New adoption plan by charity Coram strives to keep babies out of the system

November 2, 2009 by Shawn Douglas

Coram’s new adoption plan proposes to place babies with prospective parents within days of being born.
Hosting a conference in London today, U.K. charity Coram hopes that its fresh approach to adoption wins new converts at a time when child care systems have come under increased strain.

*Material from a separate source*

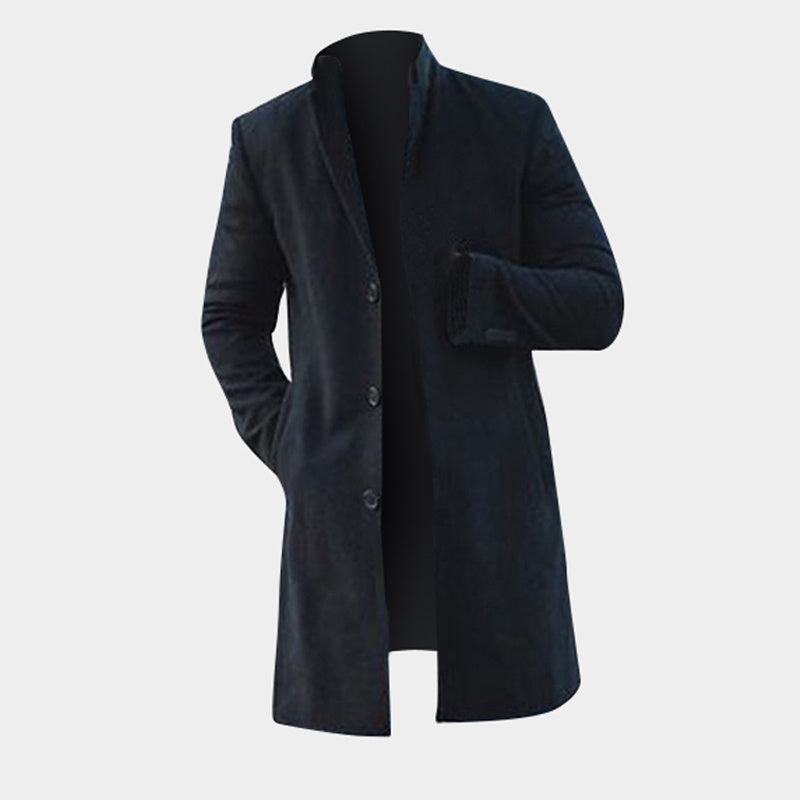 Gabardina larga de hombre Loom & Soul™ – Abrigo liso ajustado en caqui y negro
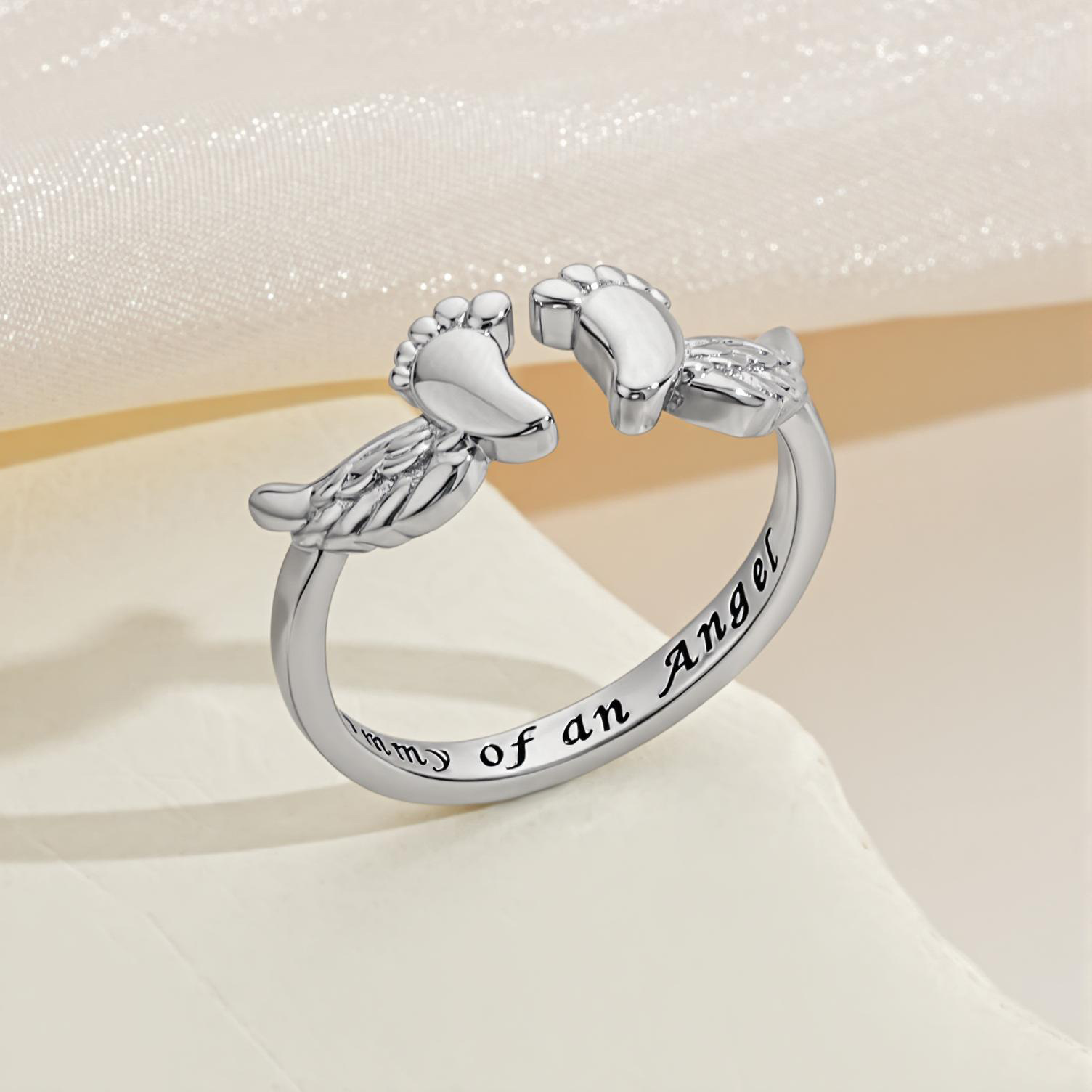 Sweet & Sophisticated Mom Ring – Engraved Baby Footprint, Warm Gold Finish, Timeless Minimalist Style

At the root of the proposal is a method known as concurrent planning. The method places a newborn in the care of an adoptive family within days of birth. The newborn would then be given the opportunity to interact with both the adoptive family and the natural mother through a series of visits agreed upon by both parties.
The adoptive family would agree to take the child to visit the natural mother a set number of times a week, allowing the natural mother time to organize her life and demonstrate that she’s able to raise a child. The mother, commonly a drug addict, is offered extensive support by the charity to give her the best chance of sorting out her problems. After one year, social workers make a final decision about whether the natural mother is ready.
As conventional adoption can be very complicated and take several years to complete, a child may bounce around a long chain of foster families, usually without contact from the natural mother. This process may leave children with psychological traumas later in life.
“It is crazy that there are not more local authorities using concurrent planning,” said Coram’s head of adoption, Jeanne Kaniuk.
“It is a great system for parents who want to adopt a baby, although obviously they carry all the risk and have to be quite courageous. It is very sympathetic to the birth parents, who are given help and support and every chance to show they can care for their baby. It speeds up the process and a decision is made early. And, of course, it is good for the baby.”Coram has already tested the program, cooperating with local authorities over the past two years to successfully place almost 50 new children. However, the charity faces perceptions that the method is time-consuming and not nearly as beneficial to the prospective adoptive family.
“There is also often a fear that some solicitors representing birth parents will fight it very hard in the belief their clients are not getting a fair deal,” said Kaniuk. “But the baby’s welfare should be paramount, and concurrent planning is a fair offer to both adoptive parents and birth parents.”